## [TASK REQUIREMENTS]
Give the data again exactly, stopping after the "Riad La Croix" line.

## [GIVEN DATA]
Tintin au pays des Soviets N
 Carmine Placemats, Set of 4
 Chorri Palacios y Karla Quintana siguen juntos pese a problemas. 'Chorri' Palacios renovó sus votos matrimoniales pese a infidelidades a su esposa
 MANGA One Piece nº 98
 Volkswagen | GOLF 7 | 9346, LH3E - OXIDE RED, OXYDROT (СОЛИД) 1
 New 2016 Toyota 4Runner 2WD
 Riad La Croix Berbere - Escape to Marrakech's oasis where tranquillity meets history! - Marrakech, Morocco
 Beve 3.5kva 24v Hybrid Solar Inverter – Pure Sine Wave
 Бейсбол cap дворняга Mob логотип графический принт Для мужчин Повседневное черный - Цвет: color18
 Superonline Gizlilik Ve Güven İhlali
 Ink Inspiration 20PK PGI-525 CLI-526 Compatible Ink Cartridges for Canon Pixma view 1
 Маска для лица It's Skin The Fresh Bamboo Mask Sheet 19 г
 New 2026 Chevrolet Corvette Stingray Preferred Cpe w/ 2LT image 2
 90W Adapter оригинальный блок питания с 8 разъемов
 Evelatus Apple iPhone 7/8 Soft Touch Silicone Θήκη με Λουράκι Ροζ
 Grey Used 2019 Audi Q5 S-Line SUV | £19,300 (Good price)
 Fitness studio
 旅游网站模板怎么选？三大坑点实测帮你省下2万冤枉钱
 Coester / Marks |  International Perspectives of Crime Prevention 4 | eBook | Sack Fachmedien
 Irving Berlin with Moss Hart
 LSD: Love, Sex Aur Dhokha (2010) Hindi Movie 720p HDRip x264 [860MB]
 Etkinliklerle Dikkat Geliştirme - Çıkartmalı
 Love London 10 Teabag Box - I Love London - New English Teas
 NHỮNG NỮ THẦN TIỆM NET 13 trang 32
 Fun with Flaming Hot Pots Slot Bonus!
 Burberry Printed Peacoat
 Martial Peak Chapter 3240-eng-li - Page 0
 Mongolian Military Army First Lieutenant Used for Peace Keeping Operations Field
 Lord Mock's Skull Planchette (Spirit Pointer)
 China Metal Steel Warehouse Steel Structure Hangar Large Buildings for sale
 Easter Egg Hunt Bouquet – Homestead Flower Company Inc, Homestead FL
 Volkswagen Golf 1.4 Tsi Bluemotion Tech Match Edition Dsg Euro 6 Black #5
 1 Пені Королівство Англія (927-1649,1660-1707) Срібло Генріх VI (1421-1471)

## [ANSWER AREA]
Tintin au pays des Soviets N
 Carmine Placemats, Set of 4
 Chorri Palacios y Karla Quintana siguen juntos pese a problemas. 'Chorri' Palacios renovó sus votos matrimoniales pese a infidelidades a su esposa
 MANGA One Piece nº 98
 Volkswagen | GOLF 7 | 9346, LH3E - OXIDE RED, OXYDROT (СОЛИД) 1
 New 2016 Toyota 4Runner 2WD
 Riad La Croix Berbere - Escape to Marrakech's oasis where tranquillity meets history! - Marrakech, Morocco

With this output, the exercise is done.